The economic shocks caused by the COVID-19 pandemic have had a tremendous impact on non-formal schools throughout Kenya. According to a survey conducted by the Center for Global Development of four informal settlements in Nairobi, more than 96% of households reported a decrease in income due to the pandemic. Consequently, cost became an increased factor for parents when determining which school to send their children to when schools reopened. This led to a shift in demand from private to public schools, leaving many LCPS at risk of closure and many public classrooms at risk of being overcrowded. With less than a decade remaining to achieve SDG4, it has never been more vital to adopt an ‘all hands on deck’ approach that mobilizes both state and non-state actors to work toward the common goal of equitable access to quality education for all in cooperation with national government education agendas.
Speaking about the need for increased financial support across all school settings, Tim Carson, CEO of Premier Credit, said,
“Premier Credit is excited to invest in the Ongoza program and extend our school improvement loans to schools and communities that we have previously not reached. As a microfinance institution dedicated to supporting small businesses in Kenya, we see non-formal schools as incredibly vital parts of their communities. These schools are not only educating the children but also providing jobs for teachers, creating demand for uniforms and school materials, and improving the infrastructure of their buildings to provide a safe space for their classes. We hope this program serves as a call to action that inspires other stakeholders to ensure that their support reaches schools in all settings.”

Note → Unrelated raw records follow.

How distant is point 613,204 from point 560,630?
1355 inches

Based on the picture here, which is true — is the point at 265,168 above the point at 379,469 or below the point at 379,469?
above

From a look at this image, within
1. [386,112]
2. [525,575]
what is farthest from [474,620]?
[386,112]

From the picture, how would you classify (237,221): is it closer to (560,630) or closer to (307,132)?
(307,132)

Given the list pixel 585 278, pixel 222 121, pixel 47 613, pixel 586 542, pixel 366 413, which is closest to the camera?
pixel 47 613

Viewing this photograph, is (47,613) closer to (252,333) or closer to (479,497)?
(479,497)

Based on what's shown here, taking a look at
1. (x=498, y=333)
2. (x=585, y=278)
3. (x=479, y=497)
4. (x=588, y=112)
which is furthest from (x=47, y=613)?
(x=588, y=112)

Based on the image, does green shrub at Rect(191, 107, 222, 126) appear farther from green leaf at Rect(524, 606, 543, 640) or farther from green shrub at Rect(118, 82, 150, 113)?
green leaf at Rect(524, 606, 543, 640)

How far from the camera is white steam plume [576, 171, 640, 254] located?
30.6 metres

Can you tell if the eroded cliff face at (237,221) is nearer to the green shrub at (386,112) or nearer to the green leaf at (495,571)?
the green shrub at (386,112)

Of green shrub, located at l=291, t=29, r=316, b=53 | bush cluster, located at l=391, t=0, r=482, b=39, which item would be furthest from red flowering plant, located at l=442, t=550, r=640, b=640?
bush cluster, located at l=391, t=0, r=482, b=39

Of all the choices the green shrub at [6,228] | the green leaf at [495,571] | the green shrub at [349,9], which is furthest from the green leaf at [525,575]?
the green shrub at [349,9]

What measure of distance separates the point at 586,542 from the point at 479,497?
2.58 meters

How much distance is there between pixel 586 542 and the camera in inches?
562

As highlighted by the most recent UNESCO Global Education Monitoring Report, 350 million children worldwide are educated in the non-state sector, a number that is likely to continue increasing organically in response to the demands of local communities. IDP Foundation firmly believes that when fully integrated into a mixed system of education provision, the Affordable Non-State (ANS) sector can be a tremendous tool in improving both access to quality education and learning outcomes. Coordinating these initiatives to align with government priorities on education allows investment to be even more targeted and effective.
The Ongoza program is just one part of what IDPF hopes will be a global shift that helps the ANS sector to become increasingly recognized and supported by governments as well as private finance and allows all actors from across the educational landscape to focus on improving educational outcomes and achieving SDG4.
IDP Foundation will come together with Dignitas and Premier Credit for a virtual roundtable on Thursday, September 29th, to introduce the program and discuss strategies about how to leverage the shifting educational landscape.